But if it is a hard flood, something that won't clear without pulling fuses or spark plugs, or if you smell gas in the oil, then the oil should be changed.

Well earlier today I had to pull the fuse to deflood the engine, but it was actually running before it got flooded. I didnt realize it was in gear and let off the clutch to put it in neutral, then it died from stalling into gear (not smart i know).

I tried to get it to start back up and took about 3 tries of letting it crank with the throttle open and it wouldnt start back up.

I removed the fuse to deflood and turned it over for about 5 seconds twice and then put the fuse back in to get it to start up, and it started right up.
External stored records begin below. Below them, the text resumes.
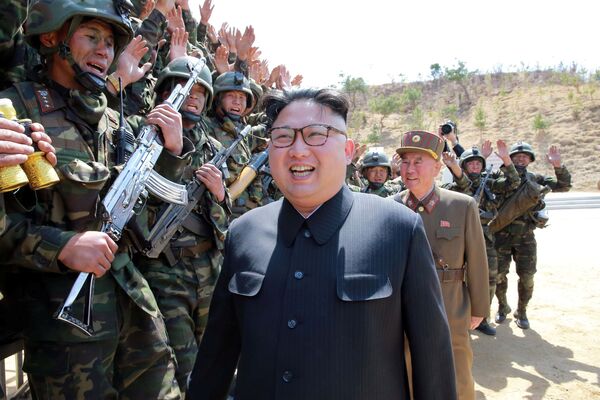 Kim Jong-un, líder norte-coreano, observa treinamentos do Exército Popular da Coreia - Sputnik Brasil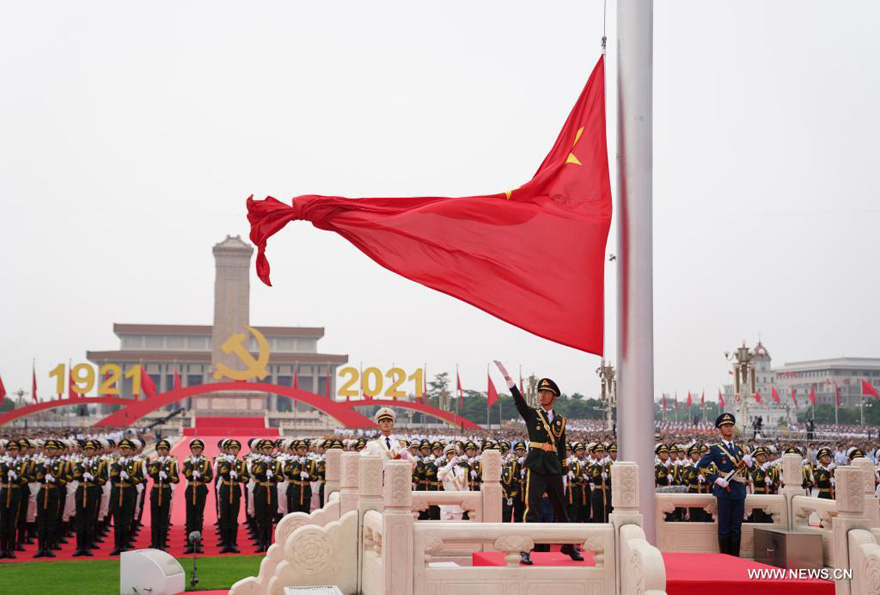 إقامة مراسم رفع العلم في ميدان تيان آن من خلال حفل بمناسبة الذكرى المئوية لتأسيس الحزب الشيوعي الصيني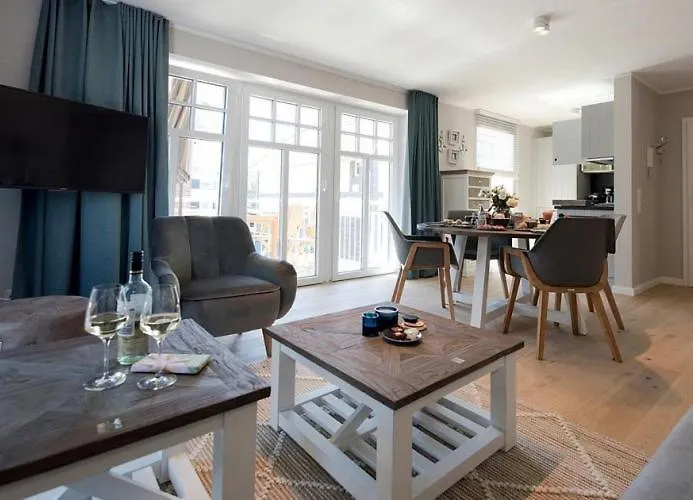 Lindenhof- Silbermoewe *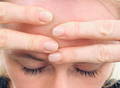 Massage gegen Stirnfalten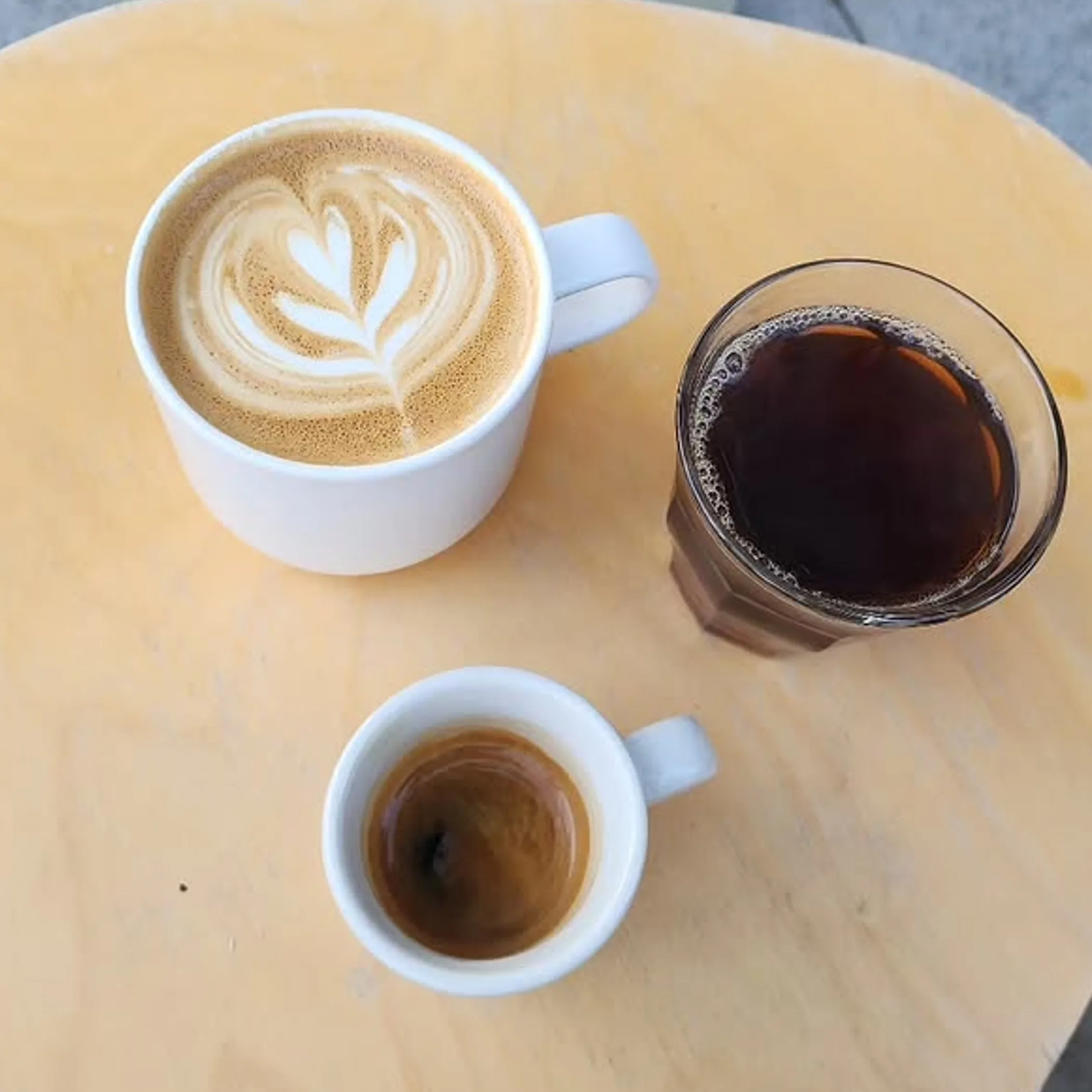 flat white, batch brew, and espresso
I think my oil shouldnt need to be changed , do you ?

I am sure I may have been able to get it to start if i kept trying to crank it without removing the fuse, but wouldnt that be flooding it worse since youre cranking it more putting more fuel in there before it starts ?

I have only about 200 miles on my oil, I actually dont use the stock pcv valve I use an inline fuel filter connected to the oilfiller tube that has vacuum on the other side to pull all the gas/condensation etc out of there.

Youd be suprised how much gunk is in there right now after I flooded it twice since the oilchange , I'm pretty sure thats where alot of that gas that flooded the engine will go. I think I need to replace it with a new one soon, its getting pretty nasty looking inside and pretty full.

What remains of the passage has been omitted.